Le film suit Harry Goldfarb, sa mère Sara, son amoureuse Marion et son gars-sûr, Tyrone. Quatre personnes issues des cités dortoir de Brooklyn et qui poursuivent leurs rêves personnels en se démêlant avec les conséquences de leurs dépendances.
Le film est formellement très bon. C’est déjà un point à souligner. La direction d’acteurs (qui sont entre-temps devenus des « stars ») est top, la musique ultra marquante et grave (sans pathos) a fait date et c’est un euphémisme de le dire vingt ans après la sortie du film. Le scénario est d’une limpidité exemplaire (pas toujours une évidence chez ce réalisateur) et les effets de montage servent à exprimer ce que ressentent les personnages avec autant de clarté que si une voix-off nous traduisait leurs pensées. C’est vraiment évident pour Sara, qui subit la faim, l’ennui et les vicissitudes d’une vie trop exposée à la télévision à coup de montage très explicatifs.
Cependant, utiliser le film pour dresser un portrait-robot de l’usager de drogue serait dangereux et fallacieux. D’ailleurs, une zone de flou bienvenue entoure la consommation de drogue : si les scènes d’injections sont très graphiques mais peu figuratives (sauf la dernière dans un abcès violacé), aucun détail n’est donné sur la nature du produit. Nous n’avons pas encore lu le livre pour savoir si le mystère s’y dissipe, mais il est intéressant de noter qu’à part pour Sara, le ou les produit(s) consommé(s) gardent une part de mystère.

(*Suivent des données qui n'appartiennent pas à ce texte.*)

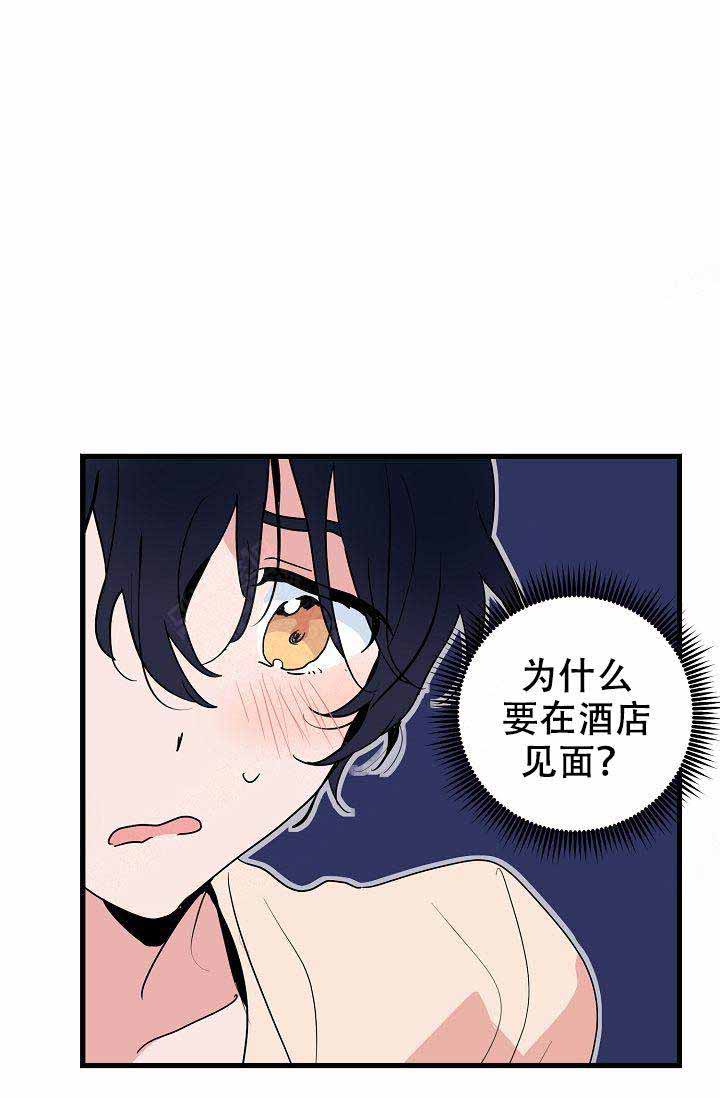 《不要抛弃puppy》漫画最新章节第29话免费下拉式在线观看章节第【19】张图片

Ni un film éducatif ni un documentaire
Pour le profane, l’équation est simple : injection = héroïne. Cependant, l’héroïne étant un dépresseur, elle ne donne pas vraiment la pêche, et on ne voit pas les personnages « piquer du nez » (s’endormir). De plus, l’héroïne rétractant la pupille, la vidéo qui illustre la prise de drogue est peu juste (car on y voit une pupille qui se dilate à fond). Mais alors, peut-être de la cocaïne ? Qui est un autre produit qui s’injecte et provoque un fort fort craving. De plus la cocaïne dilate les pupilles. Mais juste après la première scène de défonce, on retrouve Tyrone et Harry dans un snack, les usagers le savent : les stimulants coupent la faim.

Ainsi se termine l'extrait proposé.